Hearings set in Romeo death case


CONEJOS — The freezer in a small, abandoned store allegedly became a sealed coffin for the remains of James H. Sprouse, 77, some time between June 3 and 12, 2016.
His step-grandson, Michael John Robinson, now 35, will appear at 9 a.m. Thursday, Jan. 10, 2019 for motions, again at 9 a.m. Friday, Jan. 11 and Friday, Jan. 25 for more motions, with trial set to begin at 8 a.m. Jan. 28.
He is charged with first-degree murder, a class one felony; tampering with physical evidence in an attempt to conceal the remains, a class six felony; and aggravated motor vehicle theft in the first degree, a class five felony, for leaving Colorado in Sprouse’s vehicle.

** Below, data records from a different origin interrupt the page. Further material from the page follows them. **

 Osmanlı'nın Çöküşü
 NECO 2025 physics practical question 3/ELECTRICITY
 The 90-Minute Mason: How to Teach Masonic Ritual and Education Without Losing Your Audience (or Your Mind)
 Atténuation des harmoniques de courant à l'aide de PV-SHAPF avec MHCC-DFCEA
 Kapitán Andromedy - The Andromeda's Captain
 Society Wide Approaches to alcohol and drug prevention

Robinson was bound over for trial in November 2017.
In June 2016, Sprouse’s vehicle was located in California. The license plates had been removed and paperwork found inside included Robinson’s birth certificate.
Robinson, called a transient by authorities there, was found in the restroom at a nearby park.

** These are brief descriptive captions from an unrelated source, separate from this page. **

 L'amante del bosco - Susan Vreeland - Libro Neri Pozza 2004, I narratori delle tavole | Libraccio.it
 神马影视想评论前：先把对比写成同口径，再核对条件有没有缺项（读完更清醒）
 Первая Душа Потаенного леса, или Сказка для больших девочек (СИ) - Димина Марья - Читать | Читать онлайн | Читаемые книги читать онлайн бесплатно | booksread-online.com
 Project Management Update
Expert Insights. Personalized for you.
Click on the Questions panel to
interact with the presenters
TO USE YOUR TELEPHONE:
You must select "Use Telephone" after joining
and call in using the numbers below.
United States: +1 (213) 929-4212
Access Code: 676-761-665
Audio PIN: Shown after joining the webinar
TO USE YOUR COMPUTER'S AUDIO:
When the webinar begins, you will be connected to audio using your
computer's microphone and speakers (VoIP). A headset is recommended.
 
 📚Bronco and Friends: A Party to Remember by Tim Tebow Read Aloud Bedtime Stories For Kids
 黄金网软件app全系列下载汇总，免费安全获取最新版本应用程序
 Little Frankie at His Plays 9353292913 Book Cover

He had come under law enforcement radar in San Diego, Calif. when he was contacted while sleeping on a park bench.
It was determined the transient was Robinson and a California detective agreed to interview him. He was held as a person of interest.
During questioning, Robinson claimed to have been attacked in San Diego and the resultant head injury had affected his memory.

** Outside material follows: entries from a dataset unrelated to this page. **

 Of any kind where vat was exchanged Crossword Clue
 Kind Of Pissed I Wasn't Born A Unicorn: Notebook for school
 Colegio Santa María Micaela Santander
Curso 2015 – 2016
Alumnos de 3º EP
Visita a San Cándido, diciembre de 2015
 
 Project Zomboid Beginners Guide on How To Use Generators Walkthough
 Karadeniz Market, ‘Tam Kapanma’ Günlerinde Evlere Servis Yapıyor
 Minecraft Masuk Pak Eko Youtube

Conejos County Judge Kimberly Cortez bound Robinson over for trial.
Conejos County Sheriff’s Sergeant Margarita Ortega said she went on a welfare check regarding Sprouse, but couldn’t get into the house, so she obtained a warrant to make sure no one was there.
Robinson became a person of interest, she said, and it was learned that Sprouse told people he was afraid of Robinson about two weeks before anyone last heard from him.
An examination of Sprouse’s bank records caught Ortega’s attention as his debit card was being used in places outside the San Luis Valley, as if whoever had it was headed for California.
Family members said they never knew Sprouse to travel anywhere so they didn't believe he was using the card.
Valuable items found in the residence generally ruled out robbery as a motive.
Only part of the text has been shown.